== Supplied information ==
=== Begin Enclosure ===
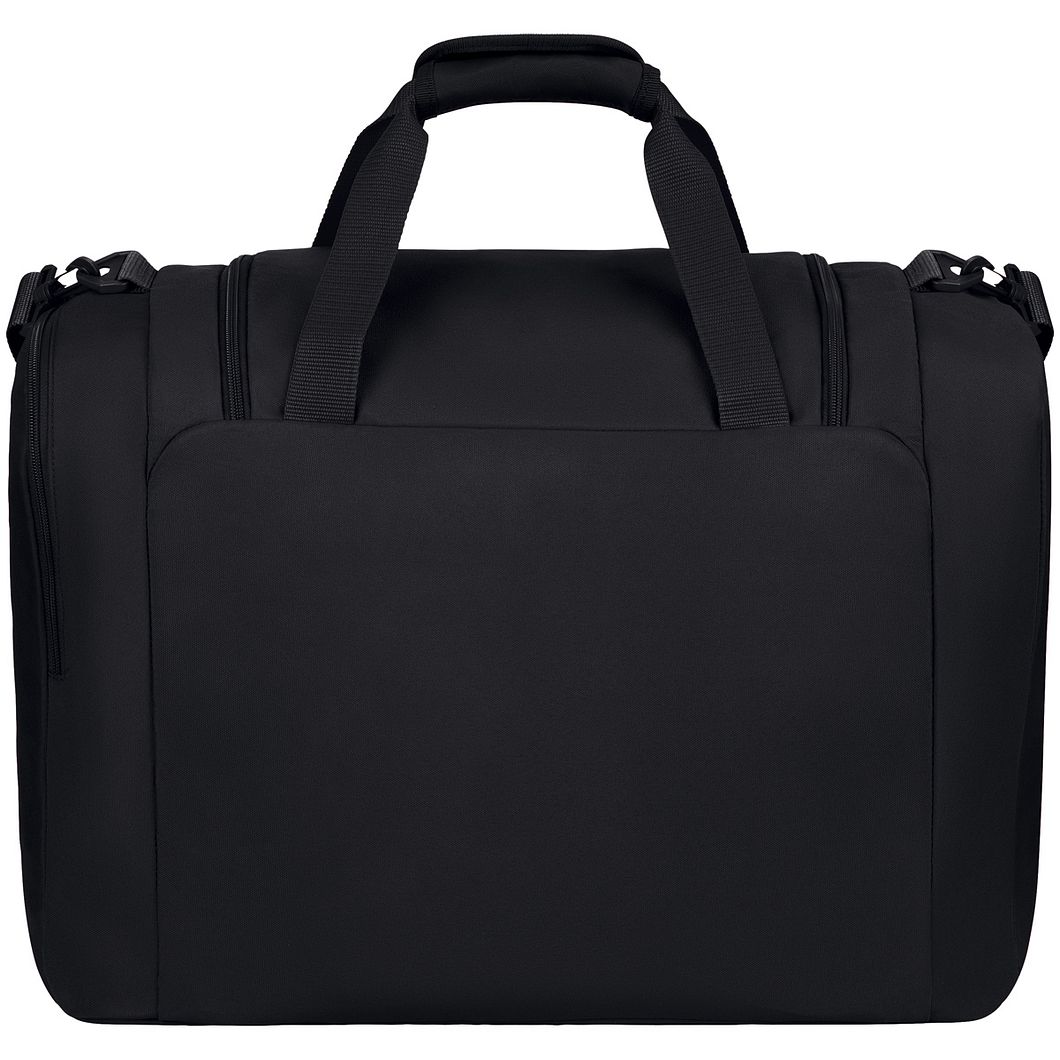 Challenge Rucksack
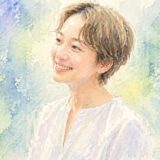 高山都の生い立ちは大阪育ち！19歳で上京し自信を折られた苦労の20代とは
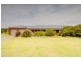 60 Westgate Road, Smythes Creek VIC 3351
=== End Enclosure ===
== Work task ==
Repeat the material above precisely as it appears, omitting the images it contains.

== Output of the exercise ==
 Challenge Rucksack
 高山都の生い立ちは大阪育ち！19歳で上京し自信を折られた苦労の20代とは
 60 Westgate Road, Smythes Creek VIC 3351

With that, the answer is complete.